Computes the proportion of variance explained (R\(^2\)) for each node in the network, following Haslbeck & Waldorp (2018).
For method = "glasso" or "pcor", predictability is computed
analytically from the precision matrix:
$$R^2_j = 1 - 1 / \Omega_{jj}$$
where \(\Omega\) is the precision (inverse correlation) matrix.
For method = "cor", predictability is the multiple R\(^2\) from
regressing each node on its network neighbors (nodes with non-zero edges).
Usage
predictability(object, ...)
# S3 method for class 'netobject'
predictability(object, ...)
# S3 method for class 'netobject_ml'
predictability(object, ...)Value
For netobject: a named numeric vector of R\(^2\) values
(one per node, between 0 and 1).
For netobject_ml: a list with elements $between and
$within, each a named numeric vector.
A named numeric vector of predictability values per node.
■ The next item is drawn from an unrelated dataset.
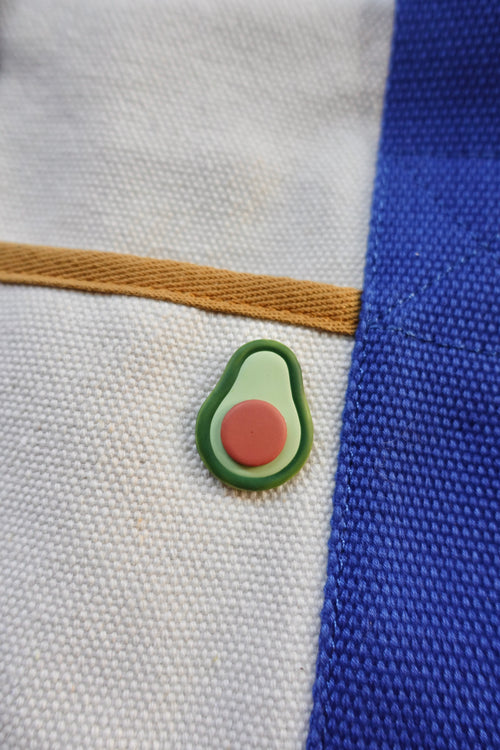 Large Avocado Bobbin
A list with within and between predictability vectors.
References
Haslbeck, J. M. B., & Waldorp, L. J. (2018). How well do network models predict observations? On the importance of predictability in network models. Behavior Research Methods, 50(2), 853–861. doi:10.3758/s13428-017-0910-x
Examples
# \donttest{
set.seed(42)
mat <- matrix(rnorm(60), ncol = 4)
colnames(mat) <- LETTERS[1:4]
net <- build_network(as.data.frame(mat), method = "glasso")
predictability(net)
#> A B C D
#> 0 0 0 0
# }